====== Entries shown

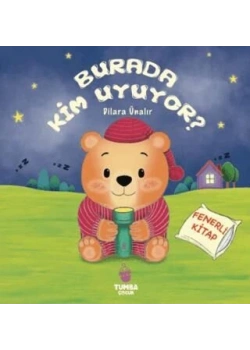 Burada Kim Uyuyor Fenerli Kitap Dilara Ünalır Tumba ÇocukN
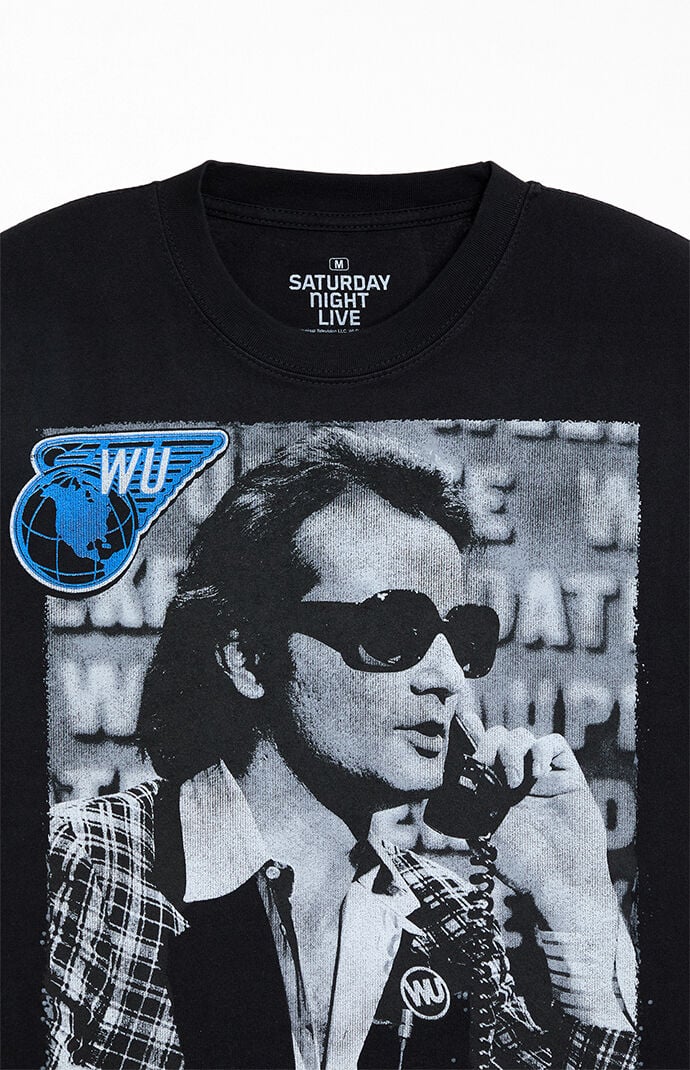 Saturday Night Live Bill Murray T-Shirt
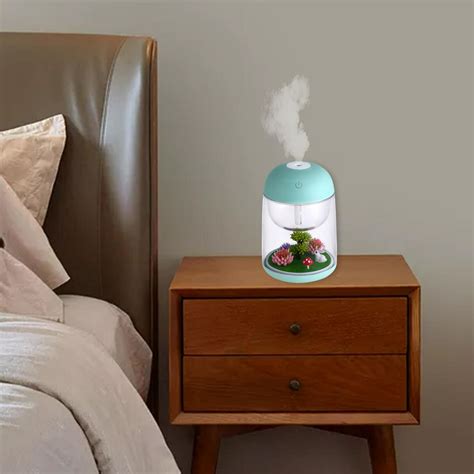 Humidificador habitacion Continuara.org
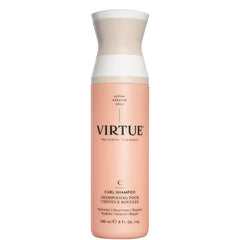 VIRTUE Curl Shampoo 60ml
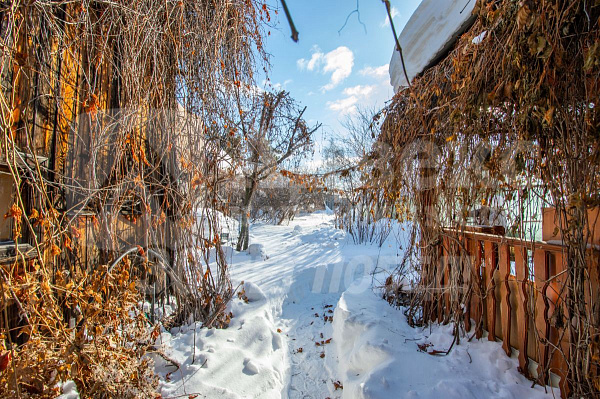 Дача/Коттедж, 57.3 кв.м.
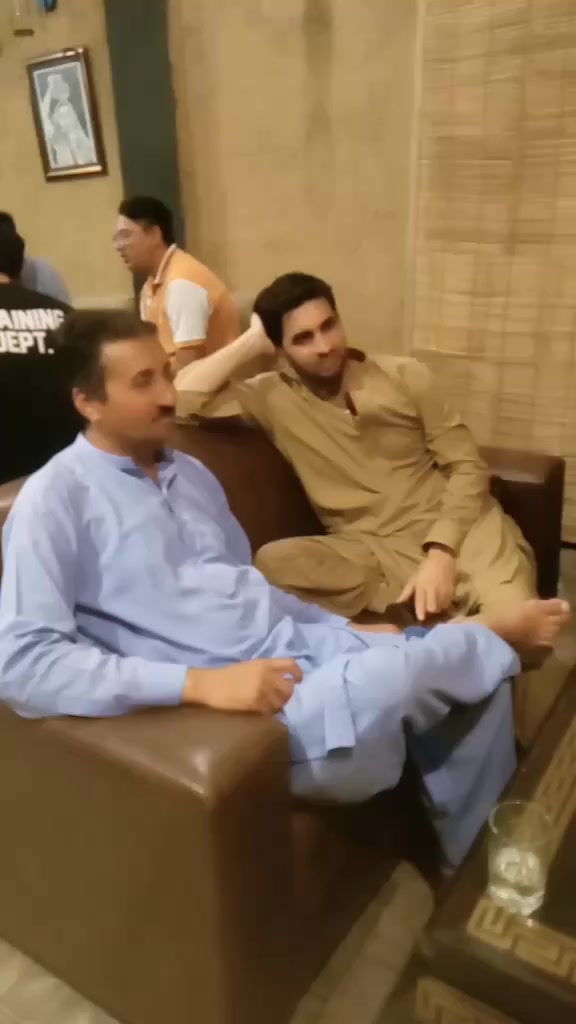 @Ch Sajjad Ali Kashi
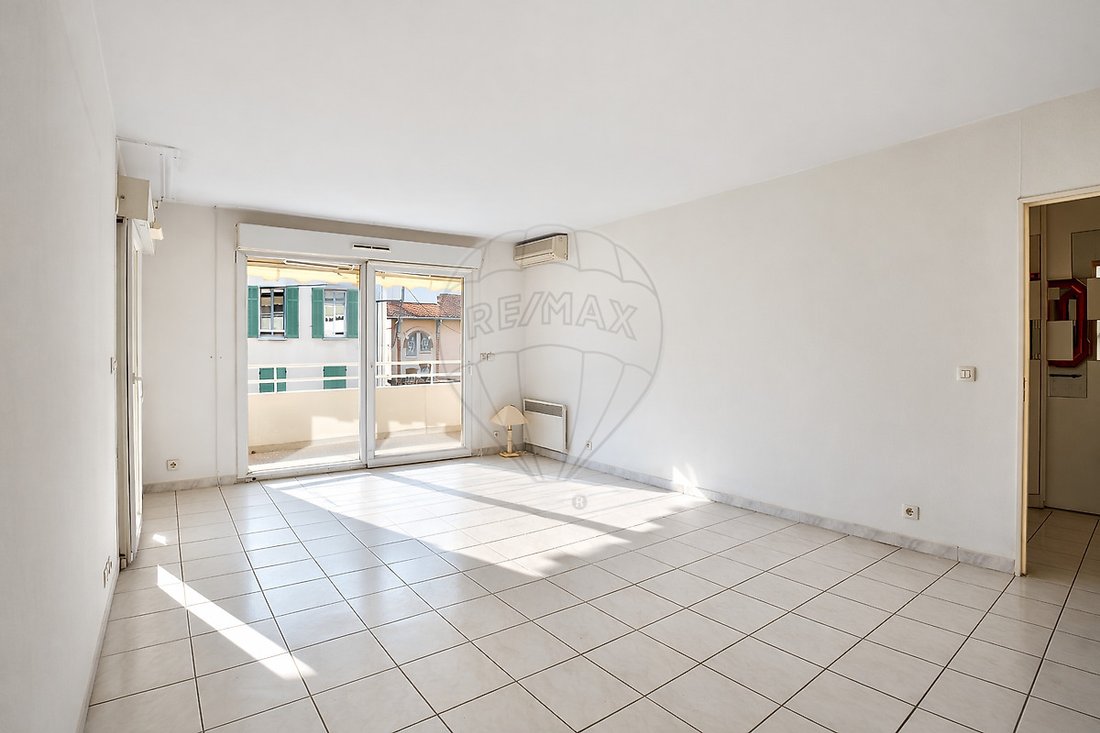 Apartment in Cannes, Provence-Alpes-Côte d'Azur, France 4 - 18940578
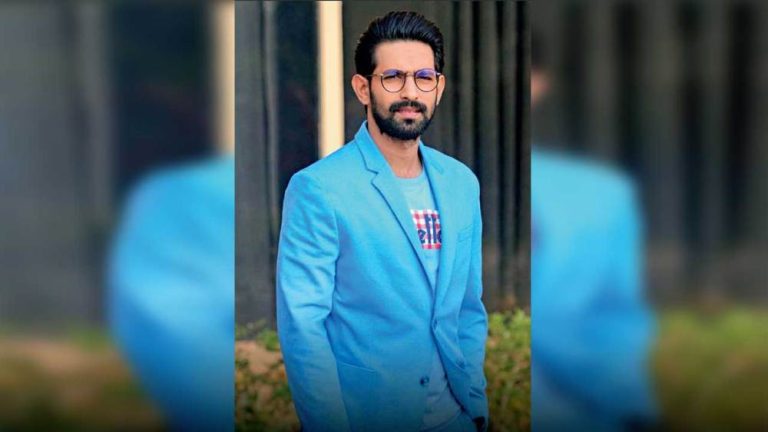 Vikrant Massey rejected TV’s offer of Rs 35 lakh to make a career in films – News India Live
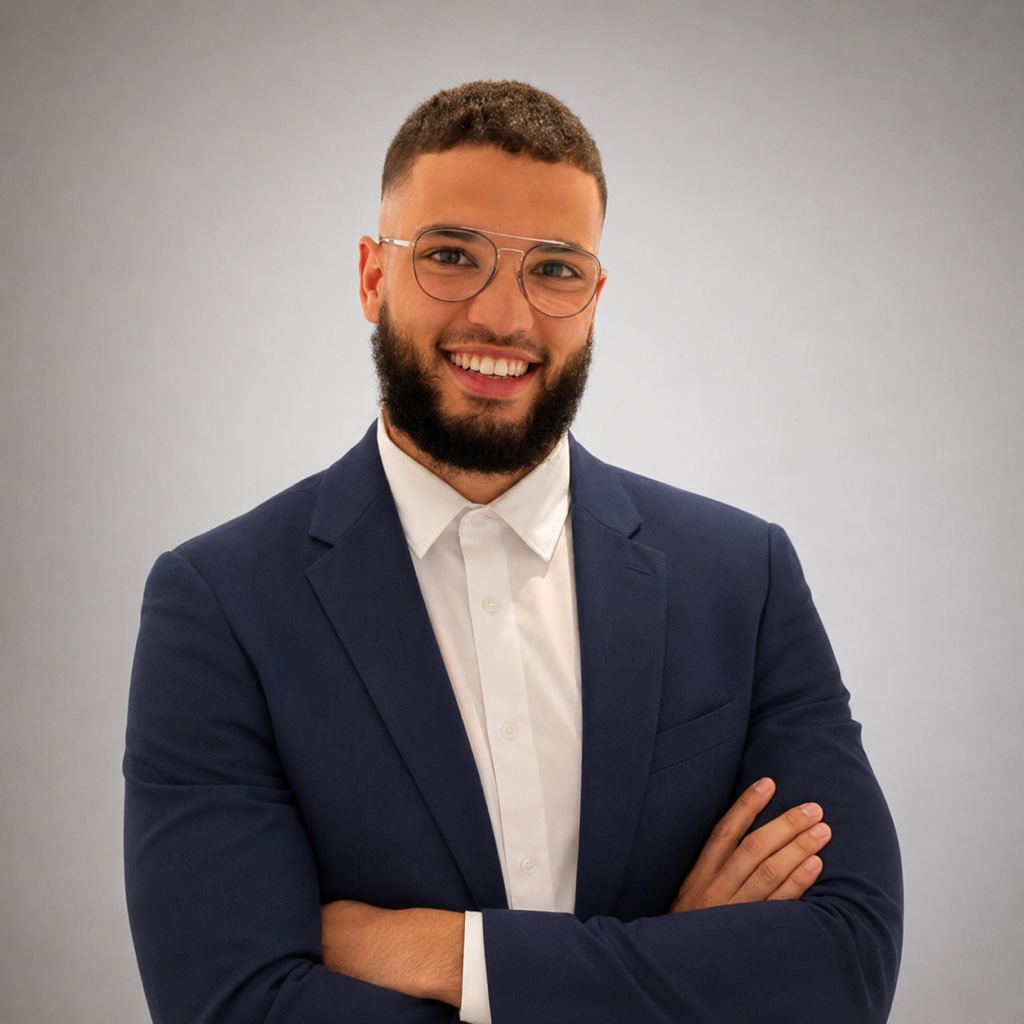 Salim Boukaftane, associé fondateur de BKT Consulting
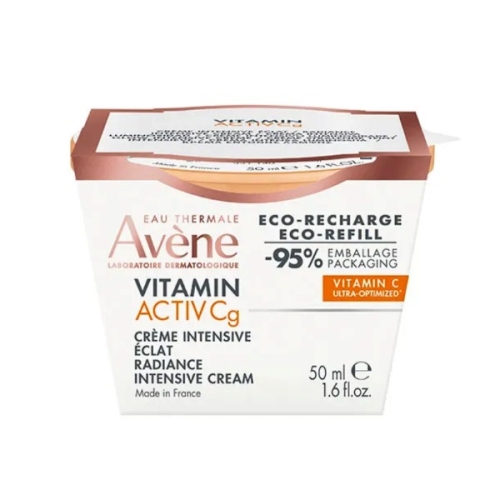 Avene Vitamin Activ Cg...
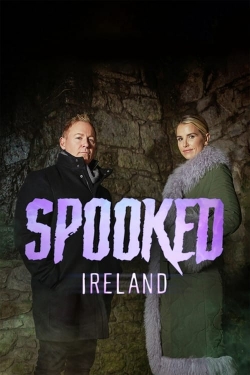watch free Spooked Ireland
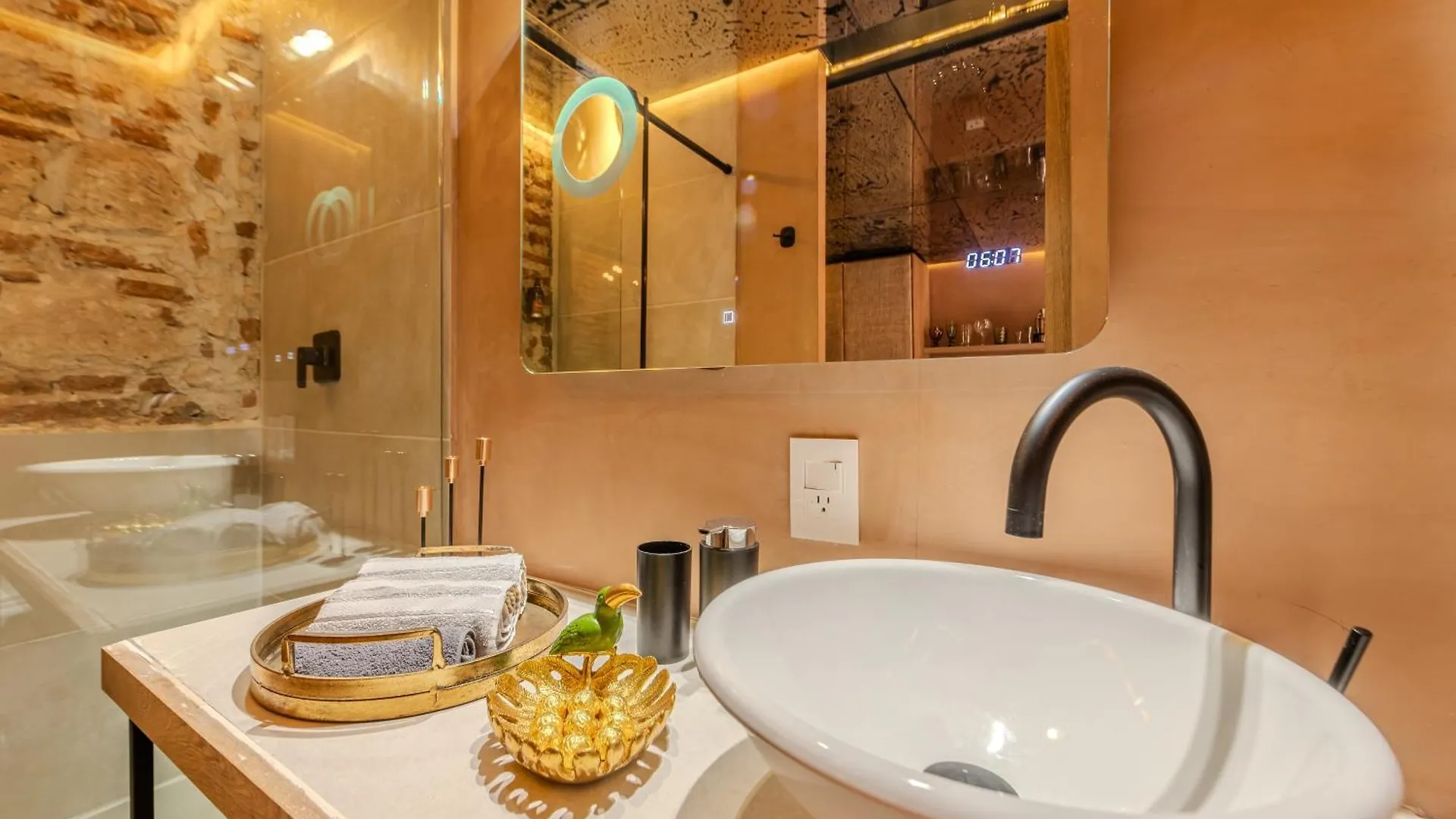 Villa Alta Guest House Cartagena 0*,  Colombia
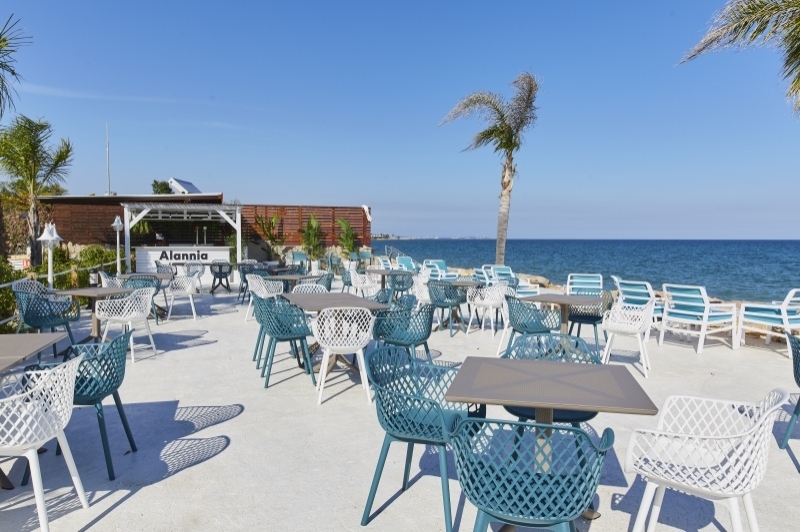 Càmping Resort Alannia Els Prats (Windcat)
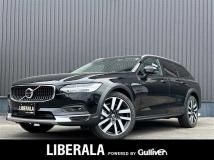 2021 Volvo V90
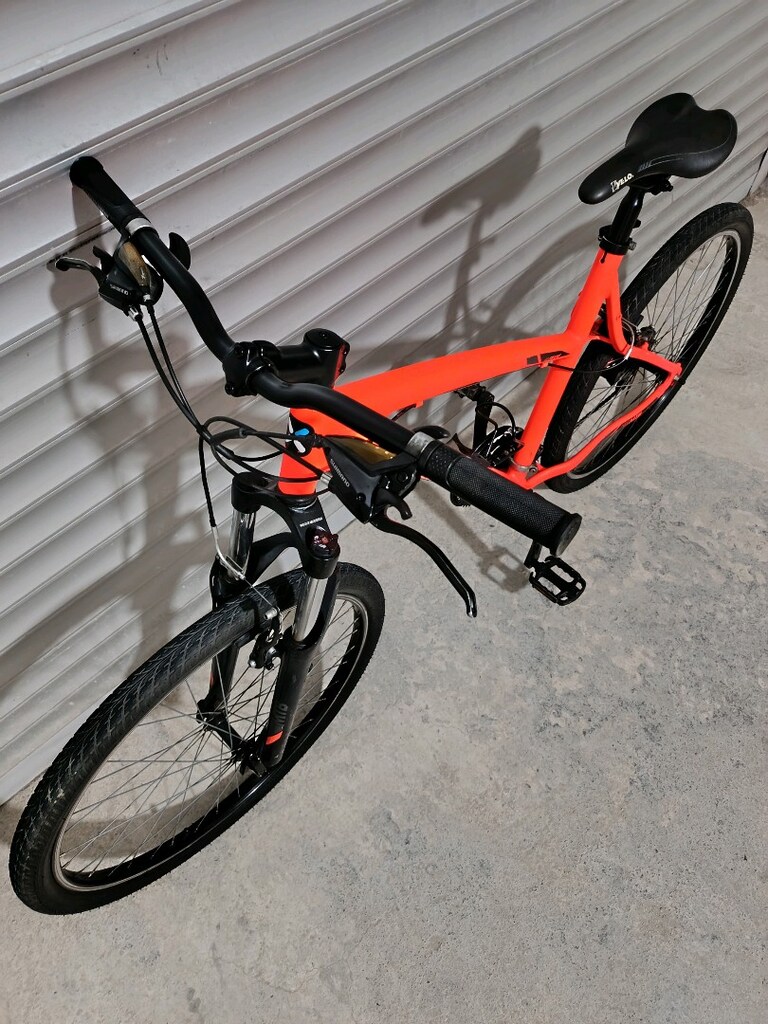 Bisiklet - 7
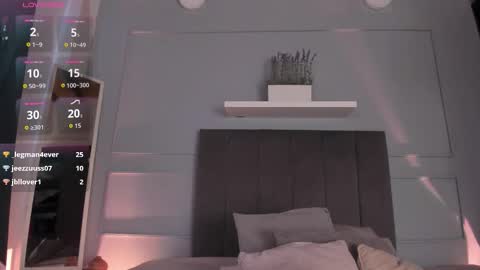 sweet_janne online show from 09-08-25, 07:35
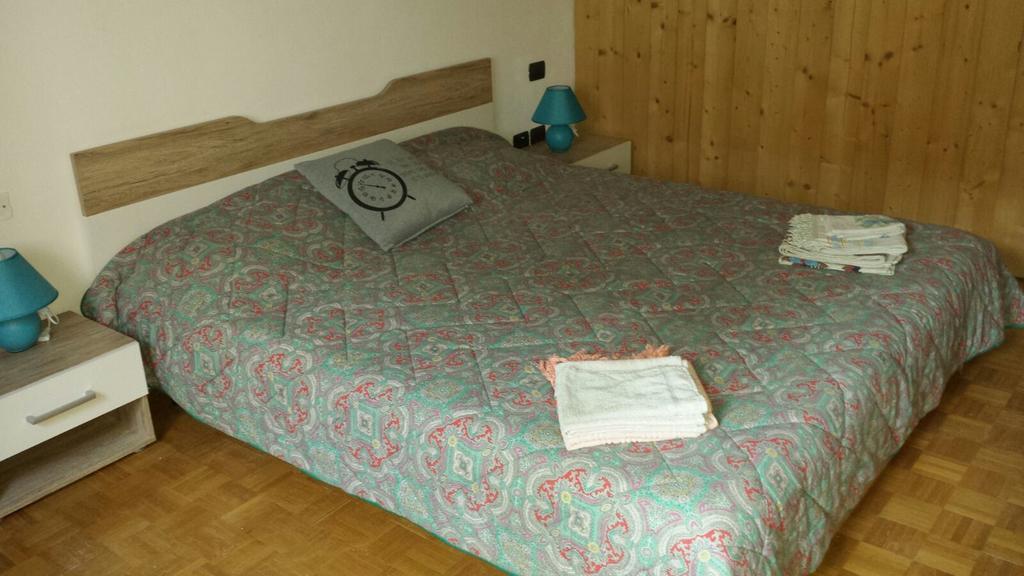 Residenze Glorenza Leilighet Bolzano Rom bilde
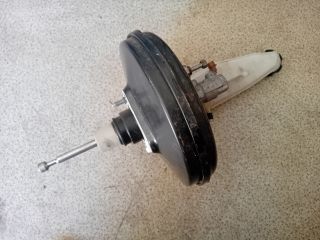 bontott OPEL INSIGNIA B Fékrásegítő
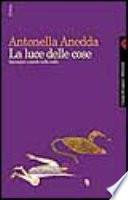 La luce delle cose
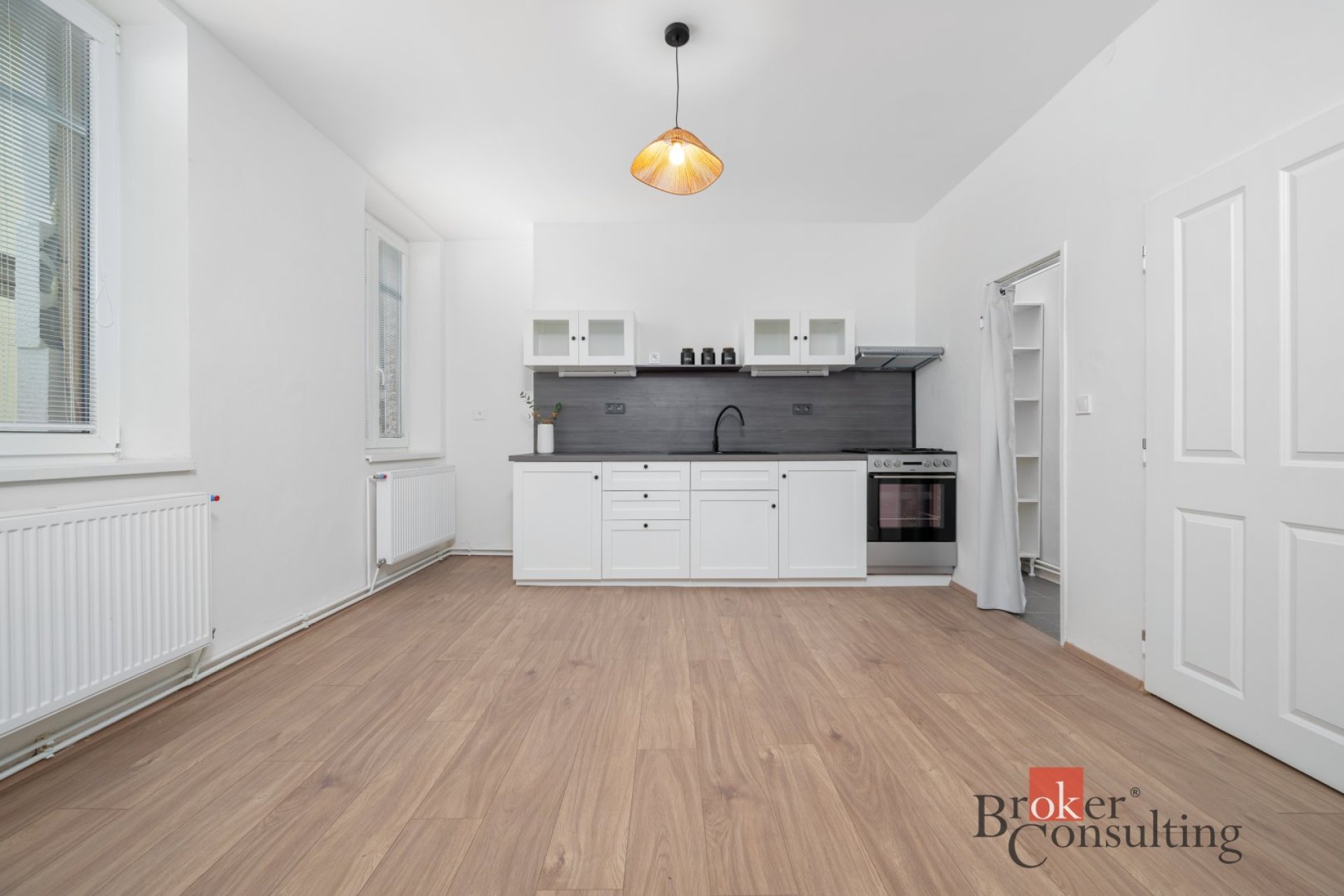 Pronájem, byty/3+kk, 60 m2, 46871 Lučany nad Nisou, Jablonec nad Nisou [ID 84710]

============

- _Description of the task_
Exactly as they appear above, write out all the entries, without pictures.

- _Result of this exercise_
 Burada Kim Uyuyor Fenerli Kitap Dilara Ünalır Tumba ÇocukN
 Saturday Night Live Bill Murray T-Shirt
 Humidificador habitacion Continuara.org
 VIRTUE Curl Shampoo 60ml
 Дача/Коттедж, 57.3 кв.м.
 @Ch Sajjad Ali Kashi
 Apartment in Cannes, Provence-Alpes-Côte d'Azur, France 4 - 18940578
 Vikrant Massey rejected TV’s offer of Rs 35 lakh to make a career in films – News India Live
 Salim Boukaftane, associé fondateur de BKT Consulting
 Avene Vitamin Activ Cg...
watch free Spooked Ireland
 Villa Alta Guest House Cartagena 0*,  Colombia
 Càmping Resort Alannia Els Prats (Windcat)
 2021 Volvo V90
 Bisiklet - 7
 sweet_janne online show from 09-08-25, 07:35
 Residenze Glorenza Leilighet Bolzano Rom bilde
 bontott OPEL INSIGNIA B Fékrásegítő
 La luce delle cose
 Pronájem, byty/3+kk, 60 m2, 46871 Lučany nad Nisou, Jablonec nad Nisou [ID 84710]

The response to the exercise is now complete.